■ PROVIDED RECORDS:

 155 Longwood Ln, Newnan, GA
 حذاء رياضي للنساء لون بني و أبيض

---

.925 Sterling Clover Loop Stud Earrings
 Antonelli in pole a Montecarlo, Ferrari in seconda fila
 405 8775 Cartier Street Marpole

...

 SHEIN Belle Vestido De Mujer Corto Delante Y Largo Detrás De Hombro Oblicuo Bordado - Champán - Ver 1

■ INSTRUCTIONS FOR THE TASK:
Restate word for word the lines of the data above, starting at the line containing "155 Longwood Ln, Newnan, GA" and ending at the line containing "حذاء رياضي للنساء لون بني و أبيض", both included, and nothing more.

■ THE COMPLETED TASK:
 155 Longwood Ln, Newnan, GA
 حذاء رياضي للنساء لون بني و أبيض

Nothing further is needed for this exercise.